Is using personal messages as evidence in a disciplinary a ‘breach of privacy’?

A couple of recent cases have looked at an employee’s right to privacy under Article 8 of the European Convention of Human Rights and how this influences the use of evidence gathered by employers during disciplinary proceedings. 

According to Article 8, employees have the right to respect for their private and family life, their home and their correspondence. Therefore, there is a risk that certain evidence may breach an individual’s right to privacy, depending on the nature of the evidence and how it was obtained.  

One of the most notable cases in this regard is Barbulescu v Romania in which an employee was dismissed for sending personal messages during working hours using a Yahoo email account set up for work use. The European Court of Human Rights ruled that the dismissal was unfair as the employer did not inform the employee that they should expect to have their emails monitored and were unable to justify why such monitoring was required.

Whilst this decision does not mean that employers are unable to monitor employees’ emails under any circumstances, they must be able to justify any intrusion into an employee’s personal life. UK law allows employees’ communications via social media system to be monitored or intercepted in certain circumstances, including for the purpose of checking for breaches of company policies.

Guidance from the Information Commissioner’s Office suggests employers undertake impact assessments to determine when monitoring is justified. This involves identifying a clear purpose for the monitoring and assessing whether there are less intrusive ways of achieving the required aim. If monitoring employees' personal communications is the only available option then employers should take steps to remove employees' expectation of privacy. This includes having robust policies regarding computer use and social media which notify employees when and how any communications will be monitored.

With this in mind, a more recent case has again focused on the use of personal email as well as WhatsApp messages that were used as evidence during a misconduct case. In Garamukanwa v UK, an employee had been using personal correspondence to stalk and harass a fellow colleague. Evidence of this was uncovered during a criminal investigation by the police and ultimately influenced the decision to dismiss the employee for gross misconduct.

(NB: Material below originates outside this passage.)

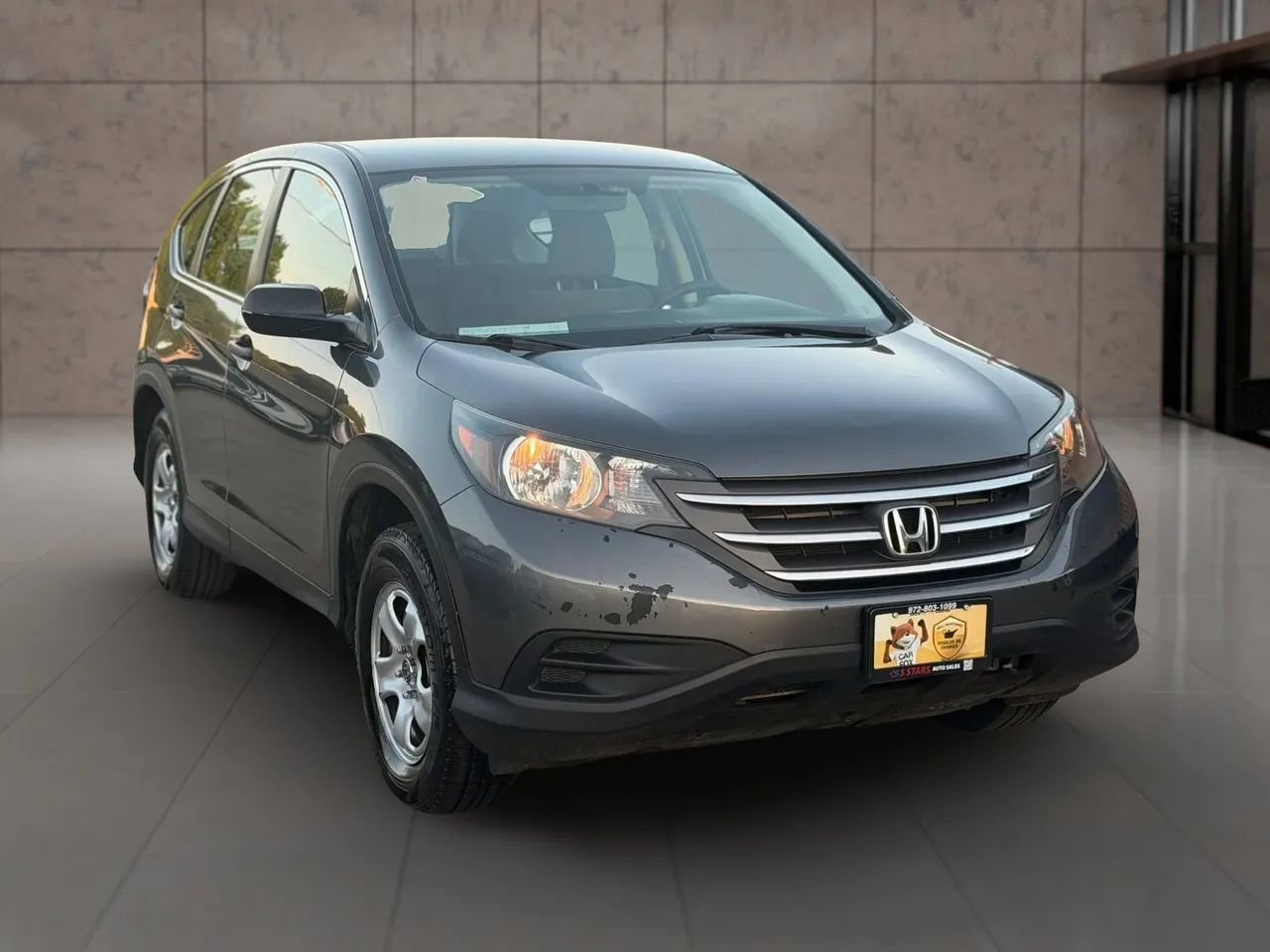 Used 2014 Honda CR-V LX image 2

Despite appealing that the use of personal messages as evidence breached his right to privacy, the employee’s claim was dismissed by the European Court of Human Rights. In forming their decision, the Court applied the ruling of Barbulescu, adding that there was no reasonable expectation of privacy in respect of the material provided by the police as the employee had previously been informed by his employer about the inappropriate nature of sending personal emails to the victim.

Therefore, as a general rule employers need to keep in mind that deciding if an employee has a reasonable expectation of privacy will always depend on the particular circumstances of the case. However, recent examples show that justification and prior warning are important in determining when certain evidence may be used and employers should ensure these aspects are accounted for in any relevant workplace policies.